This time the hackers had landed a winning blow, striking at the very heart of the modern American business office: the thermostat. Damn, these guys were good. Now the fine people of Berg Magnetics were forced to wear their puffy coats and earmuffs indoors, trying awkwardly to make sales calls with chattering teeth and type purchase orders with gloved fingers. Except Donna; she beamed like the summer sun. She always liked it cold. That’s why the thermostat had a plastic cover and a key lock to begin with. Every office had a Donna.
But alas, the thermostat was too smart for its own good, and it had been taken over by hackers from Russia, or China, or North Korea. Or maybe Denver, or Austin. Didn’t really matter where.
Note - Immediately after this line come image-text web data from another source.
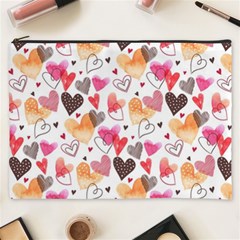 Colorful Cute Hearts Pattern Cosmetic Bag (xxxl)  by TastefulDesigns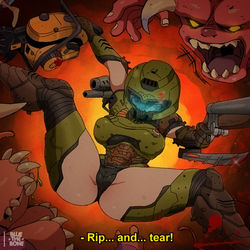 This is a pixiv picture whose title is [RETRO] Doom Slayer (Female).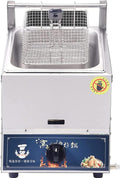 DPLWJPP Friggitrice professionale a gas 10 L - Struttura in acciaio inossidabile - Potenza della fiamma regolabile - Cestello per ristorante e uso domestico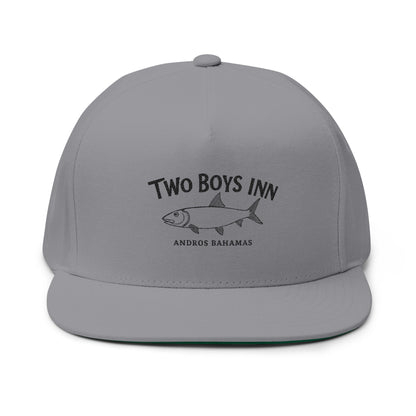 Two Boys Inn Embroidered Flat Bill Cap – Andros Bahamas Fishing Hat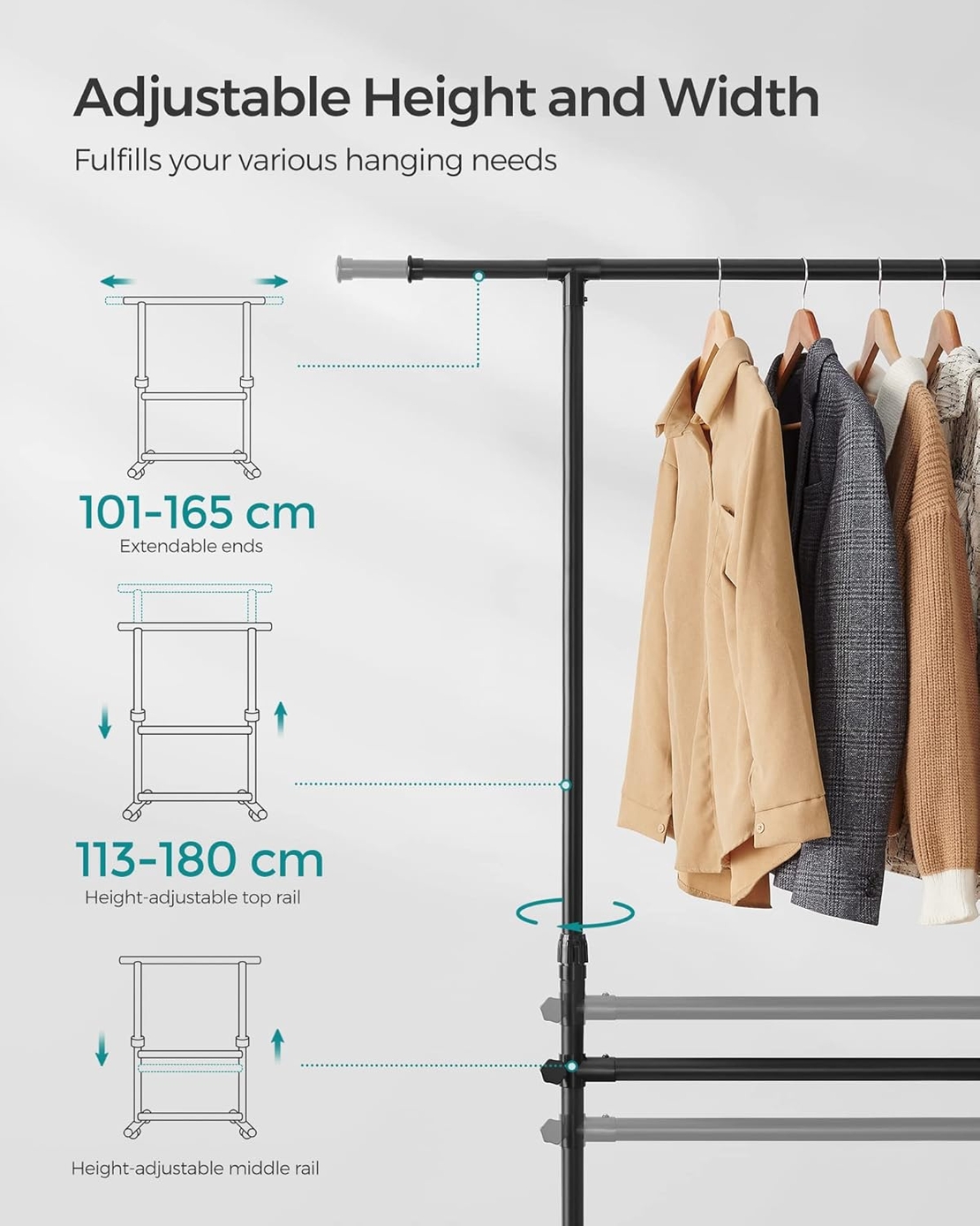 SONGMICS Suport haine cu doua bare, roti blocabile, inaltime reglabila, cadru metalic, 101x49x113-180 cm, negru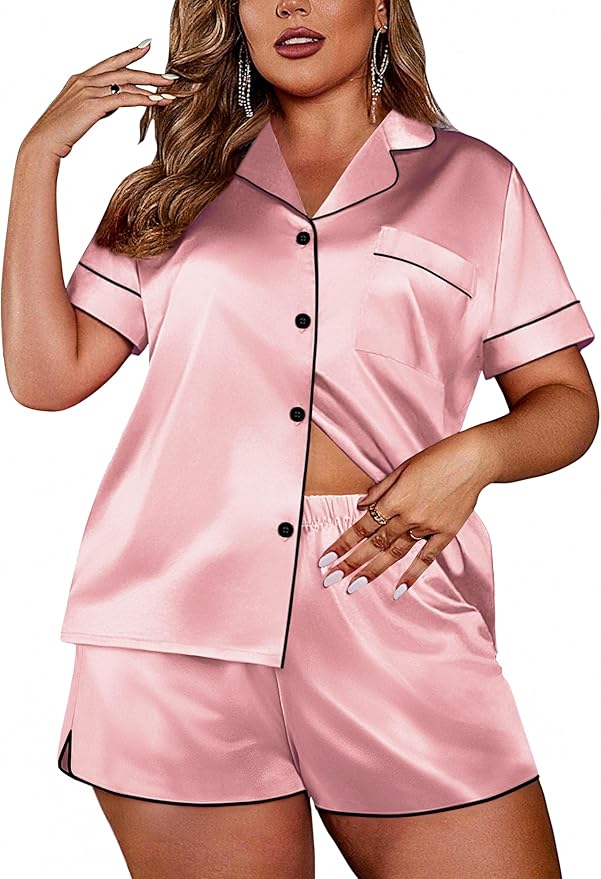 Ekouaer Womens Silk Satin Pajamas Set Short Sleeve Sleepwear Button Down Loungewear 2 Piece Pjs Shorts Set S-5X Plus Size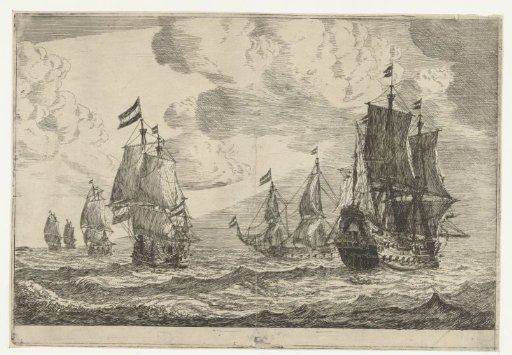 Six sailing ships on the open sea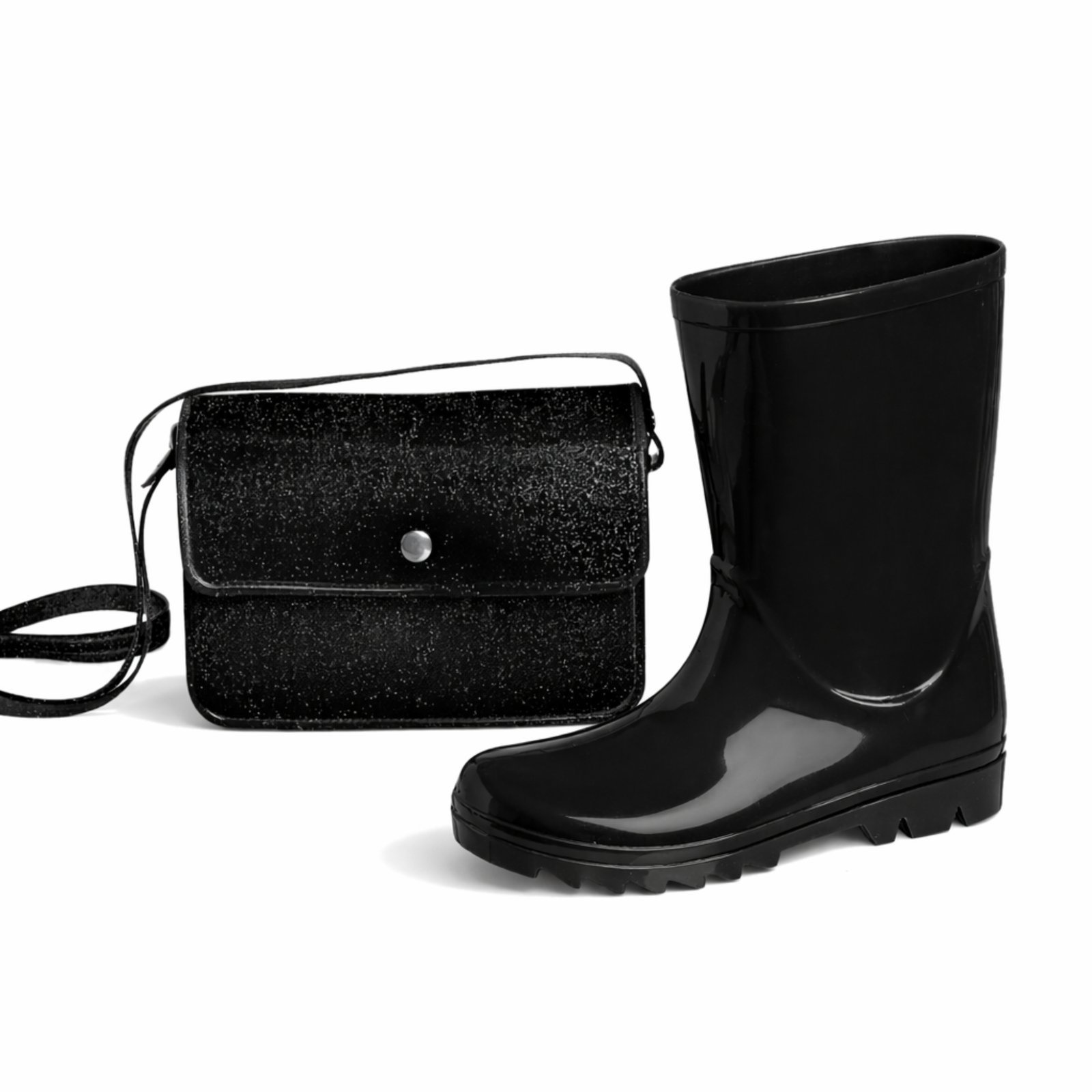 Infantil - Kit meninas galocha emborrachada + bolsa transversal moderna modinha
The reality was that the damn thing was set to 45°F and this was Minneapolis in early February.
The hackers had got them once already, a few weeks back. One of the outside sales guys fell for an email spoof and downloaded some malware. Locked up all his files. Luckily he wasn’t on the network at the time. The head of IT contacted the FBI to report that hackers had encrypted company files for ransom. They wanted bitcoins. The FBI told her to pay the ransom and stop downloading malware. Nothing else could be done. The company didn’t pay. Instead, they put everyone through four hours of remedial electronic security training and drilled a bunch of holes through the encrypted laptop.
But the thermostat—now that was devious. It sent a message. It said that tomorrow could be lights that wouldn’t stop flickering, or keycards that wouldn’t let people out of the building, or non-stop inbound calls from the fax machine, or—heaven forbid!—the coffee maker could simply shut down. The ransom for the thermostat was twice what they asked for the laptop.
We’re going to pay them, of course. That’s the new cost of doing business.